Lifehacker 101 is a weekly feature covering fundamental techniques that Lifehacker constantly refers to, explaining them step-by-step. Hey, we were all newbies once, right?


  • I was going to comment about the whole kilobits vs kilobytes vs kibibits vs kibibytes topic, but I’m sure that there will be other readers who can do it a lot more proficiently than I can.

    I will condense the important part of it down though:

    While it is *technically* correct that there is 1000 bits to a (metric) kilobit, we incorrectly use the “kilo”, “mega”, “giga” & etc prefix in Australia to refer to a 1024 base system.

    Also worth noting that ISP’s will always advertise their connection speed in BITS (b) not BYTES (B). Download managers and other various software on the other hand will report their download speeds in bytes. As most of us know, there are 8 bites to the byte. So worth remembering that an ADSL2+ connection that syncs up at 16Mb/s (megabits per second) will only yield a theoretical maximum download speed of 2MB/s (megabytes per second).

    Gus – suggestion for a future article might be one that puts all these differences into layman’s terms for those interested who aren’t familiar in the differences.

    • I nearly left that part of the question out, because it’s a large and complex issue and not directly related to the rest of the questions! But I will revisit the bits/bytes theme in a future 101.

      • Unfortunately, it’s a complicated answer brought about by a simple question – raised due to various parts of the IT&T industry deciding they want to advertise their products using different measurements.

        I’ve long fielded questions from friends and family since back in the old days of dial up, as to why they only downloaded at “4-5 kilobytes per second on a 56k modem?”.

        Similarly with HDD manufacterer’s advertising their products’ capacity in metric bytes; I’ve had plenty of questions along the lines of “Why is my HDD size only 460GB in Windows when the box said it has 500GB”.

  • I do agree with this article….however….
    The speeds the user is experiencing is actually an error on Optus’s part!
    Optus is experiencing international congestion which started just over a month ago.
    Read this the Whirlpool thread over here:

    Basically it means local sites are fine however international sites and downloads may be much slower than usual.
    I connected to Optus cable late last year. At first speeds were fantastic however the past month they have been quite dismal.
    So yes there is something wrong with your internet connection, just something you can’t fix yet.
    Your upload speeds are correct as this article states however
    Frustrated, you are not alone…

  • Bottom line on Cable internet is it is based on 10base2 tech.
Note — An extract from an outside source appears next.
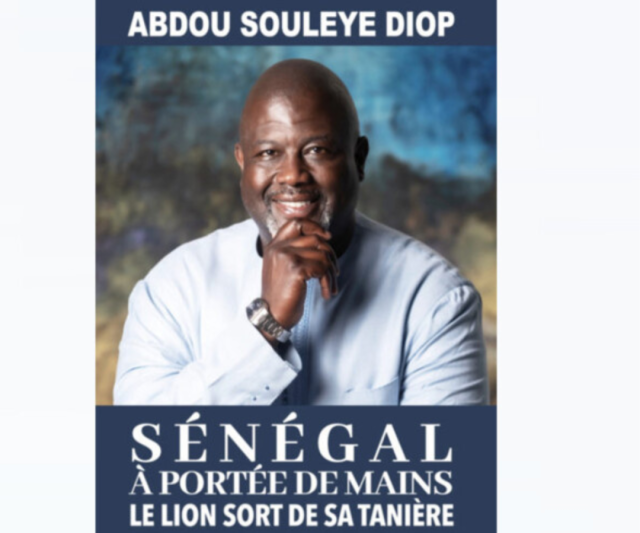 presentation-du-livre-senegal-a-portee-de-mains-le-lion-sort-de-sa-taniere-un-diagnostic-de-la-trajectoire-de-developpement-sans-parti-pris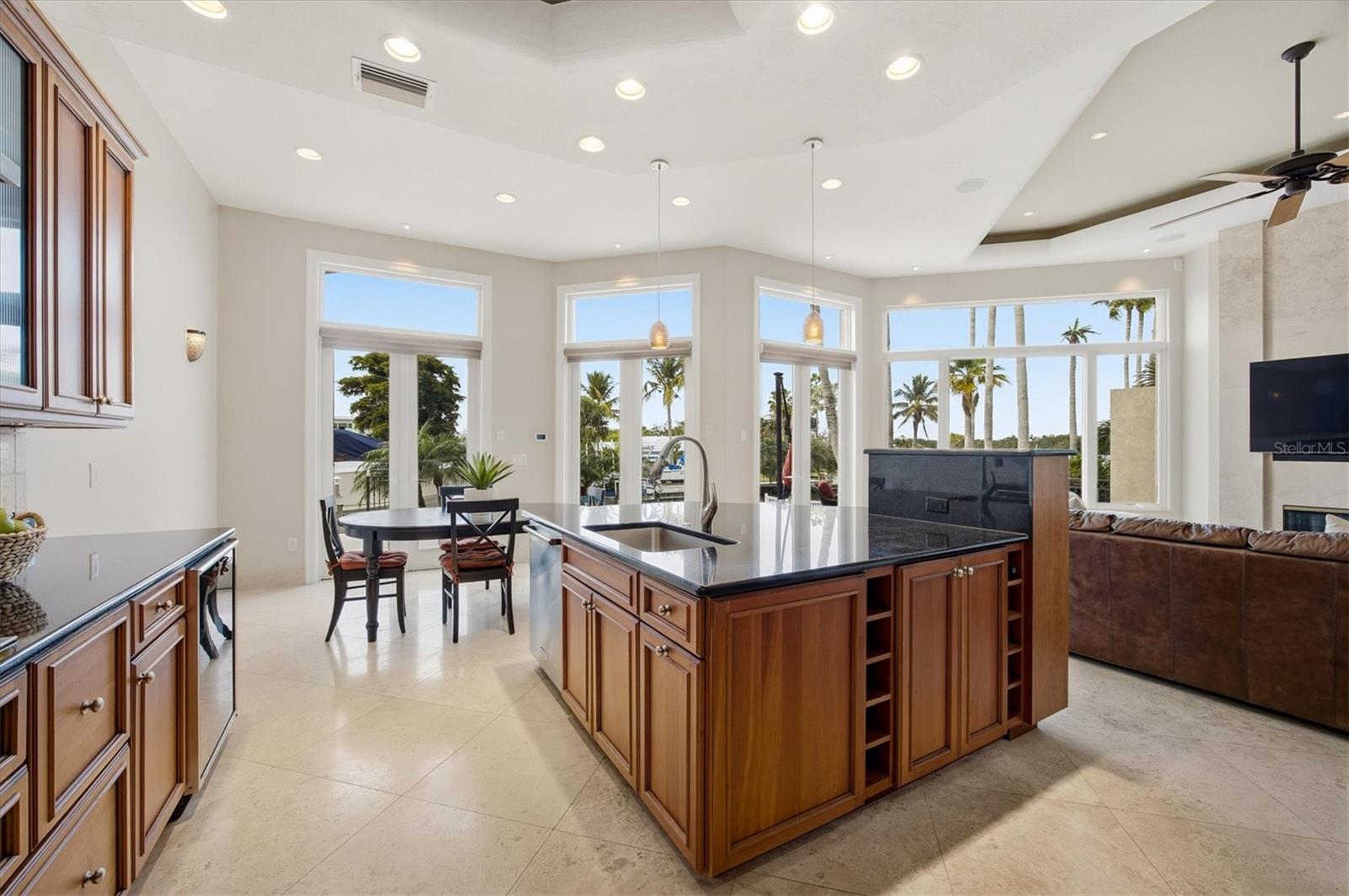 Image 21 of 67 For 761 Norton Street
    HFC uses a Carrier-Sense Multiple Access/Collision Detection (CSMA/CD) protocol. The more connections on the current run the less access to the network you get because of collisions.

  • As an optus cable user i feel your pain.

    Your right there is something wrong, this article explains the situation accurately but the bigger picture is in Caspez’s link.

    Over the past month i have noticed a dramatic drop in my optus cable speeds and extremely variable ones at that. Some mornings its fine, others im back to near dial up speeds.

    This is not normal cable behavior.

  • Its is true that the HFC cable into your home has shared bandwidth and your connection is capped at 8, 30 or 100 mbit.

    It is true that the ADSL cable into your home is a dedicated line from the exchange.

    BUT going upstream after the exchange its all shared bandwidth. An analogy is the road system and your driveway at home. If you live in a block of units you share your driveway. If you live in a house you have a private driveway. But there is more to your journey time than the performance of your driveway.

    The effect of contention on HFC is exaggerated as it only comes into play when the cable segment is operating near saturation. Whether your cable segment can even reach saturation capacity will also depend on if all the upstream network can supply data to it at that rate. The algorithms for managing contention and QOS are very efficient. There are many bottle necks all over the internet, you connection is only one of them.

    The bottom line, the internet is all shared bandwidth, as the road system is shared lanes and roads.